On Mon, 10 Jan 2022 at 18:05, Radosław Piliszek <radoslaw.piliszek@gmail.com> wrote:
On Mon, 10 Jan 2022 at 17:28, Jeremy Stanley <fungi@yuggoth.org> wrote:
On 2022-01-10 15:44:41 +0100 (+0100), Radosław Piliszek wrote:
On Mon, 10 Jan 2022 at 14:58, Jeremy Stanley <fungi@yuggoth.org> wrote:
On 2022-01-10 14:47:53 +0100 (+0100), Radosław Piliszek wrote: [...]
Yes, we have already patched the command line [1] so the guidance is to make sure to run the latest and greatest. It would make sense to broadcast this so that users know that log4j is in Elasticsearch.
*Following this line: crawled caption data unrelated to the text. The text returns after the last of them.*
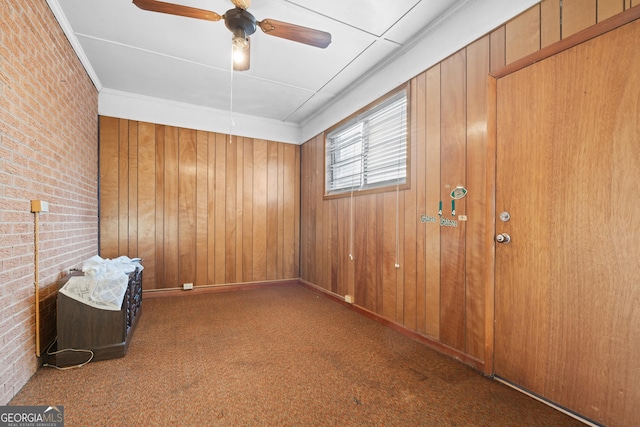 carpeted empty room with ceiling fan, brick wall, wood walls, and ornamental molding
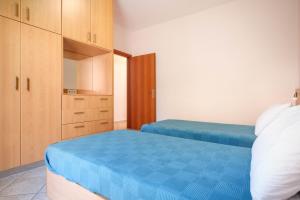 a bedroom with two beds with blue sheets and wooden cabinets at Niko's Central Skala Apartments in Skala Kefalonias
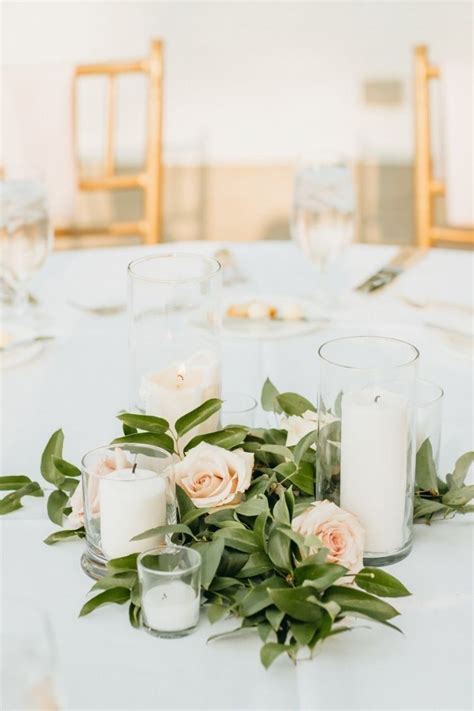 Pillar Candle Centerpieces | Candle wedding centerpieces, Wedding ...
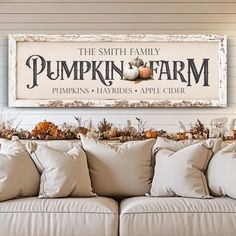 a couch with pillows and pumpkins on it in front of a sign that says the smith family pumpkin farm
In Kolla, ES is used either standalone or with Monasca (and soon Venus).
[1] https://review.opendev.org/c/openstack/kolla-ansible/+/821860 [...]
Is the presence/absence of Elasticsearch determined by configuration options, or is it always installed and run when Kolla is used?
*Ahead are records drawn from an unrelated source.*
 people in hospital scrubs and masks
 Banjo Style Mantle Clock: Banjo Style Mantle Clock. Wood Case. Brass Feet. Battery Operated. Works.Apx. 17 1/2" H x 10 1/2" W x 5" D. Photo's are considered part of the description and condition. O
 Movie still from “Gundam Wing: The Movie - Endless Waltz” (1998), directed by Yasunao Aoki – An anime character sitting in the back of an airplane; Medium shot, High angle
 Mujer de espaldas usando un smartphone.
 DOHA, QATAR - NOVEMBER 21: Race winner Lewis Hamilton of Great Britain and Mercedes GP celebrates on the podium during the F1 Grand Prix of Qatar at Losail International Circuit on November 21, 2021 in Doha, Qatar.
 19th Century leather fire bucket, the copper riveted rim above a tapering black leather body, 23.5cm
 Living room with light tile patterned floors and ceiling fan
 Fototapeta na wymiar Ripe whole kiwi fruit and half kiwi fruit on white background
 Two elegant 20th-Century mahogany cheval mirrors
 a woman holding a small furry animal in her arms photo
Determined by configuration. It is not present by default - only if installed on demand, by enabling central logging, Monasca or some other dependent component.
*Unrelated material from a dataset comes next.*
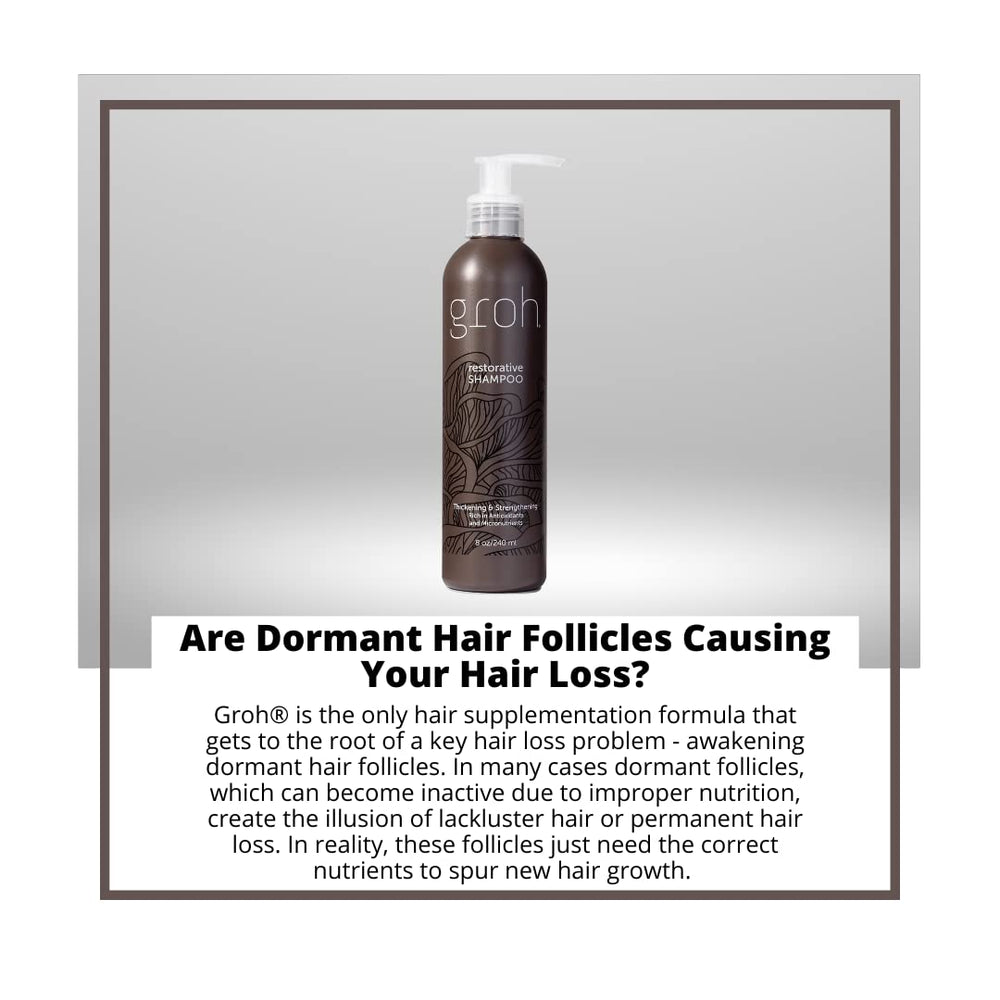 Rinsing water running through hair with GROH Restorative Shampoo.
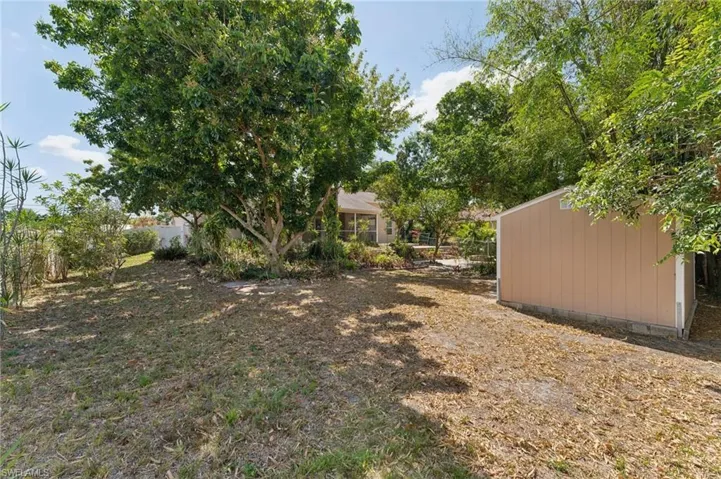 View of yard featuring an outbuilding and fence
Thanks for the details, and apologies for all the sudden questions. Is there a list of which components (aside from the aforementioned central logging and Monasca) which pull Elasticsearch into the deployment?
Yeah, I just omitted them as they are less frequently used: - osprofiler - skydive - cloudkitty configured to use elasticsearch backend
Also, does Kolla build/distribute its own Elasticsearch images or reuse some maintained by an outside party? And what version(s) of Elasticsearch and Log4j end up installed?
Kolla builds its own images using upstream (ES) rpm/deb packages. We end up with the latest 7.13.x as that's the last truly OSS release of ES. I know it has vulnerable log4j but can't tell the version atm. Let me know if it's crucial.
For CentOS images, this is bundled into elasticsearch-oss-7.10.2-1.x86_64: /usr/share/elasticsearch/lib/log4j-api-2.11.1.jar /usr/share/elasticsearch/lib/log4j-core-2.11.1.jar Note that according to Elastic, this version is not vulnerable thanks to the use of the Java Security Manager.